Many here are familiar with the 1893 Chicago World Expo and the Devil in the White City (despite its inaccuracies, it’s a fun read). In the old forum, there were many threads on this period of architecture, which is the focus of much debate. At question are many factors; the speed of construction, how buildings were erected without the aid of modern machinery, the lack of plumbing/restrooms in these buildings, the lack of available engineering blueprints, how an inordinate amount of materials were transported, photography that often shows scaffolding around already completed structures, the buried windows, and most importantly, an inadequate historical explanation for why some buildings exist in the first place. 

I have wondered much about this and to me, this architectural question is the most obvious indication of a stolen history. Dissecting what actually happened is at the heart of the matter.

I found an interesting link to an article from 1986 by the American Institute for Conservation, it gives a nice overview of drawing techniques for 19th century architecture if anyone is interested:

Observations on the Materials and Techniques Used in 19th Century American Architectural Presentation Drawings


----------



## trismegistus (Nov 20, 2020)

Wish that article provided some examples of a building from the basic sketch/pitch phase through to the technical drawing performed by the draftsman.

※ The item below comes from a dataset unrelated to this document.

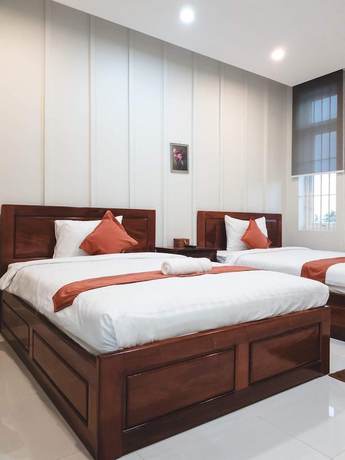 Imagen de la habitación del Hotel Montagne Regency. Foto 12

Perhaps something like that could be found in a book listed in the bibliography.

Either way, interesting read. Still obviously does not explain the points you brought up in the OP - the engineering capabilities, locating resources and sourcing the correct craftsman for the finished product. In theory, these drawings could have been completed after the building was already there, or the drawings could have just added a few of the remodeling touches they wanted to put on the structure to make it “their own.”


----------



## aj00148 (Nov 22, 2020)

I don’t know enough about engineering/mathematics but as we all know, buildings from this era are solidly built and can withstand disaster. I watched a video about this engineering disaster from 1995 in S. Korea Sampoong Department Store collapse - Wikipedia

This is just one example of what can happen when engineering is rushed. It came down to load testing, which basically the building’s top levels were not load tested and had inadequate column placement on the upper levels. And it was built atop a landfill. The same situation happened with Century III Mall. While it hasn’t collapsed, after 40 years cracks are forming because it was built on a former slag pit. The mall was deemed unsafe as a result. This doesn’t seem to happen with these older buildings, at least not often to my knowledge.

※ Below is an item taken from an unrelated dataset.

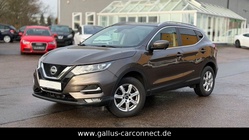 Nissan Qashqai 2020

I agree with Trismegistus, the drawings could’ve been made after the fact. From a practical standpoint, I wish the engineering could be analyzed on these buildings to see how they were built, to understand how they were load tested and if it’s probable that a geological survey was done.

I’m going off the cuff here - but building a large structure requires analysis of soil for suitability and ground penetrating radar - did we have ground penetrating radar in the 1800s?
Or were they just going off a prayer and a dousing rod? 

For a building to withstand the test of time it requires a solid foundation with suitable soil, materials that withstand changes to climate, a means of controlling the indoor climate, and finally materials that are of a high quality.


----------



## trismegistus (Nov 22, 2020)

aj00148 said:


> I’m going off the cuff here - but building a large structure requires analysis of soil for suitability and ground penetrating radar - did we have ground penetrating radar in the 1800s?
> Or were they just going off a prayer and a dousing rod?
> 
> For a building to withstand the test of time it requires a solid foundation with suitable soil, materials that withstand changes to climate, a means of controlling the indoor climate, and finally materials that are of a high quality.



So many of the major metros in the US are built on swamplands that normally shouldn’t have that many structures on it.

It was so much of a problem that many had to be“lifted from the mud” as was previously discussed on the old SH. Chicago, NYC, San Francisco, Seattle, all of them built on swamps. This, of course, begs the question: why go through all the effort to make huge structures on top of swamp if you could just avoid it altogether by building elsewhere? Perhaps the idea that this civilization stole and/or built on top of the previous one, and these coordinates hold special properties.


----------



## Jd755 (Nov 22, 2020)

May have mentioned this already but those who went before were much more skilled than those who design buildings today. I say this because today everything relies on computers and the accumulated knowledge of those who went before. Going back to my youth in the seventies and eighties I watched the era of so called 'over engineering' give way to the era of 'efficient use of materials#.
When I look at the support structures of buildings over a hundred years old it was clear they did not actually over engineer everything they just knew where it was needed and where it wasn't.
There is also a flair for the aesthetic in buildings from that time and before in all the materials used so the malleable iron and cast iron structures were ornate where they would be visible and plain where they wouldn't, the quality of the stone and brickwork/woodwork carried on in the same vein. In short beauty was as important as functionality and the third aspect to this building style/technique is longevity. 
They built to last and not only last but be easy to maintain and repair. Today we have the phenomenon of built in obsolescence with many structures being built to last a finite amount of time . Just along the road from me a school built in two parts in the 1930's was demolished five years ago and replaced with a 'modern design' which is efficient in every way shape and form but is only meant to last 25 years whereas its predecessors were still in fine fettle and over 80 years old. The local council fabricated a business case for demolition and replacement based entirely on a faked walk about assessment  and then locked the report away and it has never been put into the public domain despite this breaking their legal obligations.
As slight aside there.

If people can peer into archives in the physical world there will be books on architecture and specifically loading and structural requirements dating back into the 1800's. There may even be some that have been digitised by googlebooks or archive.org and available in digital form. These would reveal much that may answer the op questions and doubtless throw up light on all the 'official' history claims about various structures.


----------